**Extracted records**.
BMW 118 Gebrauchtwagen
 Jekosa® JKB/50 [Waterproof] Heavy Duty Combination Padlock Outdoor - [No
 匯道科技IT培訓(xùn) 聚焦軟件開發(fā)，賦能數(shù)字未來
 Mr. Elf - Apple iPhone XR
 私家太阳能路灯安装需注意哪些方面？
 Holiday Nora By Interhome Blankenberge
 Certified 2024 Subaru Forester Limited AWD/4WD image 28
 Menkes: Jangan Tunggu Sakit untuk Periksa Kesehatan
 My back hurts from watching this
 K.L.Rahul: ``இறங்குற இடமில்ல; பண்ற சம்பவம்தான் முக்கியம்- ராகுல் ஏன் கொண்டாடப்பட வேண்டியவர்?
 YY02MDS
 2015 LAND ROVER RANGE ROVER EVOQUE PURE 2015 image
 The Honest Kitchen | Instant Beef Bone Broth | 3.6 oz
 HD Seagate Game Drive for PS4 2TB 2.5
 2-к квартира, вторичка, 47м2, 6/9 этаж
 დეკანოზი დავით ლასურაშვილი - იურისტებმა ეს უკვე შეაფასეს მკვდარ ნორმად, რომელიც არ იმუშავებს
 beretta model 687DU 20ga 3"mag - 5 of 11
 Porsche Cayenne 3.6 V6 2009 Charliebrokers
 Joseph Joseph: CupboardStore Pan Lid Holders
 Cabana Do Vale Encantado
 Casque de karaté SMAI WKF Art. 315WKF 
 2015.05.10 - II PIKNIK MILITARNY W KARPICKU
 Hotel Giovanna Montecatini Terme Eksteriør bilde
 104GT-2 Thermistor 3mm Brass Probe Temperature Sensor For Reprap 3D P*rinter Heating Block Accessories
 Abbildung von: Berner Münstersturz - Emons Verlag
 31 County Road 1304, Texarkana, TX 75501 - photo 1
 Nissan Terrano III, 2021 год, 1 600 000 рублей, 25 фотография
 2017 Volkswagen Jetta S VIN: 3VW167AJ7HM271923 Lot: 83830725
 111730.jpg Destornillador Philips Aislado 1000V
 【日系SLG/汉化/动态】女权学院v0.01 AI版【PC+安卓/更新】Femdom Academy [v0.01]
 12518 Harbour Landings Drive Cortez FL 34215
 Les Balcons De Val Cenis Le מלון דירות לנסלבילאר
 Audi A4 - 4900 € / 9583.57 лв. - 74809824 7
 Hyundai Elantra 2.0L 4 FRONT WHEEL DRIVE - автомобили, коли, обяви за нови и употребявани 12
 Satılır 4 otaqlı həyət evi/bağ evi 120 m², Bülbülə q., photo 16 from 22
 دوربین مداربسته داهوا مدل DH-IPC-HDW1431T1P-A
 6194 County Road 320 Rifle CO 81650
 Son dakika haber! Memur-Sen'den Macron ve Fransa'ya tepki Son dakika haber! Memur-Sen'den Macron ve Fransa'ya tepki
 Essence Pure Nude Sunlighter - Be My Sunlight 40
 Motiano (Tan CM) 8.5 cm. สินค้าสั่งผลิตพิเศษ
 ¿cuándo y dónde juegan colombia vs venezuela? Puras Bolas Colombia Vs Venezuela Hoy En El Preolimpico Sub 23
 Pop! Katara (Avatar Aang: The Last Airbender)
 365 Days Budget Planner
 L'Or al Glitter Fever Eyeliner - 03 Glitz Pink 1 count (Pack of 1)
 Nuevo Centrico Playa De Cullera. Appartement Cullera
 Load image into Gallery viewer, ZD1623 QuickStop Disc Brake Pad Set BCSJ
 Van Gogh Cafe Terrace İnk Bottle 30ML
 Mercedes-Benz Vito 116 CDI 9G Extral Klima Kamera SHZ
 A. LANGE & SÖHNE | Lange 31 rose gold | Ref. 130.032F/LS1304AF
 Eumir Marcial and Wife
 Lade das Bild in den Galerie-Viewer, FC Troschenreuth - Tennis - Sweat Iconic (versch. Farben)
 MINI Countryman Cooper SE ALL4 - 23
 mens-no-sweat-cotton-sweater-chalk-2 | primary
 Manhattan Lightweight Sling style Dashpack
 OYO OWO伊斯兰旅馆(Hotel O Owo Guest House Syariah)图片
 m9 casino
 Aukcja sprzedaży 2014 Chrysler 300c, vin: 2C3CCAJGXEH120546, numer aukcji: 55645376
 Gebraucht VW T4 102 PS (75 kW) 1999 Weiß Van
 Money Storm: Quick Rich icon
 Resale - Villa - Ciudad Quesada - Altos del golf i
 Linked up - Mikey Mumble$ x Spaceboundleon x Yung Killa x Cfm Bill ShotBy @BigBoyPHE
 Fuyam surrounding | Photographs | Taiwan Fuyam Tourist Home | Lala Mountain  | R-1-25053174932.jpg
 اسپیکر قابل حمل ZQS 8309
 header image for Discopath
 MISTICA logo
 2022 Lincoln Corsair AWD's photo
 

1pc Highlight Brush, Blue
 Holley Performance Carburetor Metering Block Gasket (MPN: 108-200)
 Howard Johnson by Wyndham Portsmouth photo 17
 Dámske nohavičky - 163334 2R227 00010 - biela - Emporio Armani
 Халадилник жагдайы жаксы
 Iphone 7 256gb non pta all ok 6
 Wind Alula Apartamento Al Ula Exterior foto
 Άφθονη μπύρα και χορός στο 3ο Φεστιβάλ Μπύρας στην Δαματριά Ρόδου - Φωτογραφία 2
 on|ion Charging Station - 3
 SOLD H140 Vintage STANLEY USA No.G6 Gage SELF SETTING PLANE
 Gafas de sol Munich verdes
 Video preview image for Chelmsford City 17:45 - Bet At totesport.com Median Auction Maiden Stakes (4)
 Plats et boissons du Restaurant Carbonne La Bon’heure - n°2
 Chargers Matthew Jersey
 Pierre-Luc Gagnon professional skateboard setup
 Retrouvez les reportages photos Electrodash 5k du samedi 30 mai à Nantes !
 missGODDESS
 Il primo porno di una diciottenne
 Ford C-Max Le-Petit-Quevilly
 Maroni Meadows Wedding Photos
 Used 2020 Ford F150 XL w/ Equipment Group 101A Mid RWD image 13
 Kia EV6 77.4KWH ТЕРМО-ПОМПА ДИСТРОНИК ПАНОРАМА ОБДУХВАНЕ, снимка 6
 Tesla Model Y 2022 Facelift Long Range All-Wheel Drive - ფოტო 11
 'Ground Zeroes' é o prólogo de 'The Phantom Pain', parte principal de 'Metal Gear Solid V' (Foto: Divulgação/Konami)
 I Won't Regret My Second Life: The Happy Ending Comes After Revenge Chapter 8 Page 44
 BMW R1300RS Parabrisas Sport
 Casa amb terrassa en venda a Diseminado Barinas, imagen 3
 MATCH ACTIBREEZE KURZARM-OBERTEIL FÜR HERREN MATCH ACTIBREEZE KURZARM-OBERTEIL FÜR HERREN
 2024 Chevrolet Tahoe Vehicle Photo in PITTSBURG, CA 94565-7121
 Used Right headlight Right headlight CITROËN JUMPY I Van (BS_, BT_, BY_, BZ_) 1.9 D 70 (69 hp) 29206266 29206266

**Work order**.
Bring together every line in the entries that holds the string "Hotel".

**Reply to the exercise**.
 Hotel Giovanna Montecatini Terme Eksteriør bilde
 OYO OWO伊斯兰旅馆(Hotel O Owo Guest House Syariah)图片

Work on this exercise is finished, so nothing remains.